Remembering Monnica

On Monday of this week, May 4, the church remembered Monnica, mother of St. Augustine. Monnica, born in AD 331, was a native of North Africa, and although she herself was a Christian, she married a Roman pagan, Patricius, who was both abusive and unfaithful. Patricius and Monnica had three children that survived into childhood, of whom Augustine was the oldest. Monnica desired to have Augustine baptized but Patricius wouldn’t allow it, so she began to pray for Augustine.
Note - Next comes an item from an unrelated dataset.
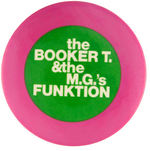 "THE BOOKER T. & THE M.G.'S FUNKTION" LARGE BUTTON.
Toward the end of Patricius’ life, however, after years of Monnica’s prayer and suffering, he came to faith in Christ. After Patricius’ death, Monnica began to be worried about Augustine’s hedonistic lifestyle, and when he left for Italy to study rhetoric, Monnica followed him there. While in Milan she sought out Bishop Ambrose, a brilliant and godly man who would become Augustine’s primary spiritual influence. After several years exploring alternative philosophies and living for his own pleasure, Augustine heard God’s voice speak clearly: “Take and read.” He picked up Paul’s letter to the Romans and read these verses from chapter 13:12-14: “Let us then lay aside the works of darkness and put on the armor of light; let us live honorably as in the day, not in reveling and drunkenness, not in debauchery and licentiousness, not in quarreling and jealousy. Instead, put on the Lord Jesus Christ, and make no provision for the flesh, to gratify its desires.”

Augustine was baptized shortly thereafter and began his life as a Christian.
Eventually Augustine and Monnica set out from Italy in order to return to North Africa. Along the way Monnica got sick and, eventually, died. According to Augustine, just before she died, she said, “There was indeed one thing for which I wished to tarry a little in this life, and that was that I might see you a Catholic Christian before I died. My God hath answered this more than abundantly, so that I see you now made his servant and spurning all earthly happiness.”

As we prepare to celebrate Mother’s Day on Sunday, I’m inspired by Monnica’s faithful prayer and witness, first for her husband and then for her son. Please join me in thanking God for Monnica, and also join me in prayer for the mothers in our midst who are laboring in prayer for a husband or a child who seems far from God. I hope and pray that, as a North African bishop is reported to have said to Monnica as she followed Augustine to Africa, “the child of those tears shall never perish.”